Secondly, this card run very hot. It does have internal temperature sensors, recognized by pfSense, but if it's not in a direct flow of air, it easily reaches a die temperature of 120°C and shuts down. As a direct effect, it consumes quite a lot of power: It easily adds >20Watt to your router. That may not seem a lot, but for something running 24/7, it is.

And finally - and this is the biggest argument against these cards - pfSense actually using TCP offloading requires loading an experimental Kernel Extension. And on top of that, according to the NetGate manual, with this offloading connections aren't always checked and filtered properly.

So instead of a Chelsio T520, I got myself an Intel X720, a little further down the ServeTheHome list.
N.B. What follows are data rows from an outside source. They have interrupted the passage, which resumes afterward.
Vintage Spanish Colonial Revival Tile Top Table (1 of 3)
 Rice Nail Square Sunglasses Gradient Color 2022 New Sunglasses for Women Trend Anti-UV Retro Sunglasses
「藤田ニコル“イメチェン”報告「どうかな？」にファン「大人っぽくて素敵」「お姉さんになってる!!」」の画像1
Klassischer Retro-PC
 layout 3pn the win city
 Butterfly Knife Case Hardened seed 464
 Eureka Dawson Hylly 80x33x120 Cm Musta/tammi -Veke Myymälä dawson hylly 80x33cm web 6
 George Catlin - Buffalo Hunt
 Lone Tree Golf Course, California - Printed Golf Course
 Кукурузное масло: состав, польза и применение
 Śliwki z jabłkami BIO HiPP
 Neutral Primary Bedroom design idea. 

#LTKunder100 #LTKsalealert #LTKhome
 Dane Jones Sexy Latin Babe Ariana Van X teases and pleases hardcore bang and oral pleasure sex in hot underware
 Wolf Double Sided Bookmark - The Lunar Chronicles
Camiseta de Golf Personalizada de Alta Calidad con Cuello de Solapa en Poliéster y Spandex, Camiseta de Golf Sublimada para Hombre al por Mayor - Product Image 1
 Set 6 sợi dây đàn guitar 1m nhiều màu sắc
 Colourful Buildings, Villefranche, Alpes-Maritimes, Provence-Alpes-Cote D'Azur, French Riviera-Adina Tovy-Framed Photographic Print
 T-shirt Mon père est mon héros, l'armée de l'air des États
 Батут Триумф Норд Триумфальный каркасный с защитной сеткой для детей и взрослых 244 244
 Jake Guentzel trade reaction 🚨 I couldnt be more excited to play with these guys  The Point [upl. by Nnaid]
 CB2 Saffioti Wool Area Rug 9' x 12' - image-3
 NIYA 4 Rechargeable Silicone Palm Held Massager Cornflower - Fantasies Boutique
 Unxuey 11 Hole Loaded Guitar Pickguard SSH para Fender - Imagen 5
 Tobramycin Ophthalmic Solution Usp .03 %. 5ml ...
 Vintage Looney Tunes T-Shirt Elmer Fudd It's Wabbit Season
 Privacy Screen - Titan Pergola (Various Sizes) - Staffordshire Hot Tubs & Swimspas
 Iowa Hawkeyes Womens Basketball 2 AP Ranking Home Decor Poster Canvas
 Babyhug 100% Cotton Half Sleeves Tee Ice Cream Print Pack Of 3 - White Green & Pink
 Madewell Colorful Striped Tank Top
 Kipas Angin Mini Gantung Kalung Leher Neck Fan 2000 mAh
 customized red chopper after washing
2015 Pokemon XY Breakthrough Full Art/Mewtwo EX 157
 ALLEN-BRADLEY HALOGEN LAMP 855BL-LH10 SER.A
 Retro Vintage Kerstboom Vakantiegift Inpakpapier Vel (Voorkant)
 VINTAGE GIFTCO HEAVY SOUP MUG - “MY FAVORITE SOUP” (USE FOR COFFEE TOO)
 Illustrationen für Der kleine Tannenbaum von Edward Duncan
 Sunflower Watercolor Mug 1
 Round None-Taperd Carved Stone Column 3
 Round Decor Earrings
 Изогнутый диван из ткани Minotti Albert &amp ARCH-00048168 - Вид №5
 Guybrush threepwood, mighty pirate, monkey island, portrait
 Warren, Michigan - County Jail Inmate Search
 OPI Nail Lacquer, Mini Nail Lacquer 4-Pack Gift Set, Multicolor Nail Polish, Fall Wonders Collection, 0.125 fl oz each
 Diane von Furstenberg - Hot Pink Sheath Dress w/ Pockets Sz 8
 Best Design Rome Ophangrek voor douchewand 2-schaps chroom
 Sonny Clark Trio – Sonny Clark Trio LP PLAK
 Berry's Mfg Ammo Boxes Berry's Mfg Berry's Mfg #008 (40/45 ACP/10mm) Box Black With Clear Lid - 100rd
It adds only ~4Watt of power consumption to my system and it has been rock-solid so far.

The only thing still bothering me is that all speed tests I run, seem to be capped at 1GiB/s, despite my line-speed from workstation to fiber is now 10GiB/s. I think something is misconfigured at my provider, because even my wimpy Atom C2758 should be able to at least fluctuate a little over that. But that's still an ongoing investigation.

stephenw10

@Zak-McKracken said in Hardware requirements for 10Gb/s WAN:

I got myself an Intel X720

You mean an X710? Or maybe an X520?

Zak McKracken

@stephenw10 said in Hardware requirements for 10Gb/s WAN:

You mean an X710? Or maybe an X520?

An intel X710, that is. Apologies for the confusion.

In Europe, ISPs are obliged to allow their customers to use their own ‘modem’, but most of them drop support as soon as customers do. So I’ve put the cheap ISP ‘modem’ on the front line, and that is capped at the same speed. As soon as that’s running at the speed I paid for, I will connect my pfSense box straight to my own ONT, and post some speed results here.